SOBRE-DES-INFORMACIÓN

Nunca hasta ahora se ha generado información con tanta profusión y con una distribución casi instantánea a cualquier parte del mundo. Si disponemos de un cachivache con acceso a internet tenemos a nuestra disposición miles y miles de sitios para poder informarnos casi de todo lo que se nos ocurra y más. Una abundante sobreinformación que a veces más que aclarar nuestras ideas puede confundirnos si no tenemos los suficientes criterios para acertar en la diana que tenemos que poner nuestra atención y para desechar todo lo demás.

Si nos trasladamos a una época no tan lejana como son los años setenta, es un ejemplo, del siglo pasado, el XX, dos cadenas de televisión estatales en blanco y negro, periódicos matutinos —y vespertinos en algunas ciudades más importantes—, cadenas de radio, algunas revistas semanales y… poco o nada más. No me voy a enumerar la cantidad de medios existentes hoy porque la lista sería interminable.

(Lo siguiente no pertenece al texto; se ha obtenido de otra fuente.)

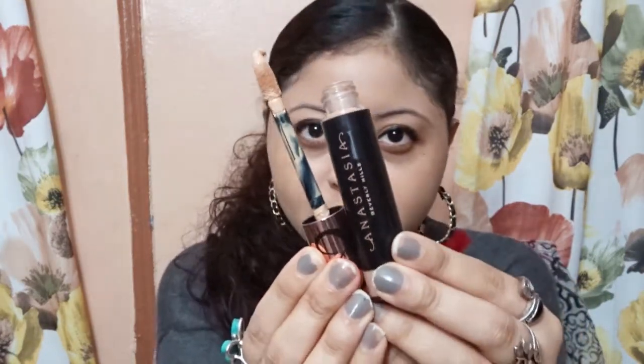I primed my face and applied foundation already off camera to not make this video long. So this is the concealer and I'm going to open it for you guys. I have mine in the shade 8. I'm going to apply one side with a sponge and one side with a brush so you can see how well it blends with each. It has a fat dome applicator.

Pero la sobre-información puede ser sinónimo de des-información. Supongamos que por un azar del destino hemos participado o tenido acceso a una noticia de cierto alcance. Si nos asomamos a las páginas de los cuatro periódicos (más) nacionales es posible, muy posible, que nos encontremos con cuatro informaciones sobre el suceso completamente distintas y, lo peor, ninguna coincidirá verazmente con lo ocurrido. Cada periódico con su línea editorial, y cada periodista con sus conocimientos y directrices darán un cierto tufillo al asunto para agradar a sus lectores, que también tienen sus tendencias. Un buen profesor universitario decía que o bien hay que leer todos o, en caso de que no sea posible, los «contrarios» para saber de qué pie cojea el «enemigo».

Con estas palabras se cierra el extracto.